Я надеюсь, что мне удалось передать в какой-то мере ту увлекательность, которую для меня представляла работа над сносками у Булгакова. Здесь прослежена лишь одна нить, связанная с именем бельгийского статистика Адольфа Кетле: как видно из предыдущего, понятие о нравственной статистике и связанный круг вопросов о детерминизме и свободе воли перешли из Бельгии в Англию (Бокль), из Англии в среду земской статистики в России, через Чупрова в Германию («Archiv für Sozialwißenschaft») и обратно к Булгакову, определяя те задачи, которые он себе поставил в «Философии хозяйства». В более привычном анализе текста это имя (Кетле), скорее всего, не фигурировало бы вовсе, поскольку оно не бросается в глаза как определяющее для образа мысли Булгакова. Однако, как показывает проделанный разбор, именно такие «маргинальные» упоминания «на полях» основного текста иногда указывают на наиболее глубокие аспекты культурного контекста и способны далее вывести на первый план прежде не замеченные, но важные эпизоды из истории идей. Даже на основании этого единственного примера перед современным исследователем наглядно возникают именно те миры, которые составляли богатство культурного «багажа» философа. (Можно также обратить внимание на множество соблазнительных историй и деталей, в рамках которых формировались булгаковские идеи о софийности хозяйства.) Такие референтные пункты, как статуя Кондильяка[1040], теория Канта – Лапласа[1041], «гилогизм» Эрнста Геккеля[1042]; увлечение неевклидовой геометрией; кажущееся нам наивным удивление перед фактами современной технологии (телефон, трамвай); и на более серьезном уровне упоминание таких забытых мыслителей, как венгерский философ М. Паладжи (Melchior Paljgyi), чья работа «Neue Theorie des Raumes und der Zeit» («Теория пространства и времени», 1901) выдвигала некоторые из философских основ теории относительности, одним штрихом определяют Булгакова как человека, имевшего прочные корни в общеевропейской буржуазной культуре начала XX века.

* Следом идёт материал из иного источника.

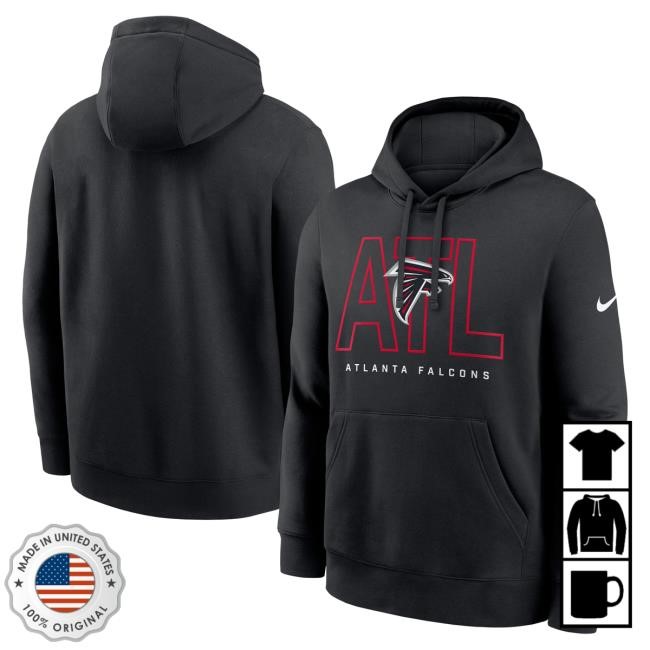 Official NFL Merch Men's Atlanta Falcons Nike Black Busted Play Club Pullover Hoodie ArizonaCardinals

Именно эти, может быть, даже неосознанные детали создают не менее выразительный портрет мыслителя, чем собственно философский разбор самого текста.
А как все-таки с философией хозяйства? Добавляет ли наше «маргинальное» прочтение что-нибудь к основной концепции софийности хозяйства? Прежде всего Булгакова занимает проблема отношения субъекта и объекта. Вся предшествующая философия делится для него на два основных направления, делающих чрезмерный упор то на идеализм, то на материализм или, в булгаковской терминологии, интеллектуализм и антиинтеллектуализм. Едва ли не единственные исключения – Шеллинг и Владимир Соловьев. Сам Булгаков разрешает проблему субъекта и объекта путем труда: погружение субъекта – объекта вместе в жизнь, в трудовой процесс, снимает их оппозицию и преобразовывает банальность ежедневной работы, будь то вспашка борозды в поле или написание страницы научного текста, в Божественное действие в той степени, в которой оно стремится к воплощению софийного начала. Мне приходилось слышать от моих коллег, что Булгаков (в отличие, например, от Бердяева) мало внимания уделяет свободе воли, что воспроизводить данное Богом – это еще не свобода. Тот идейный контекст, который я пыталась здесь восстановить, как мне кажется, достаточно явно отвергает подобное утверждение. Работа «Философия хозяйства» – это не только антимарксистский или постмарксистский текст. Скорее, в ней содержится отрицание способности любых статистических или «объективных» данных предрешать проблемы человеческого действия. Этика радостного, софийного труда – та инструкция, которую Булгаков дает каждому человеку как хозяину, отвечает одновременно всем попыткам «железного» XIX века свести на нет человеческую свободу, выражая на языке философии те же стремления, которые побудили Булгакова стать на сторону освободительного движения в годы, предшествовавшие революции 1905 года.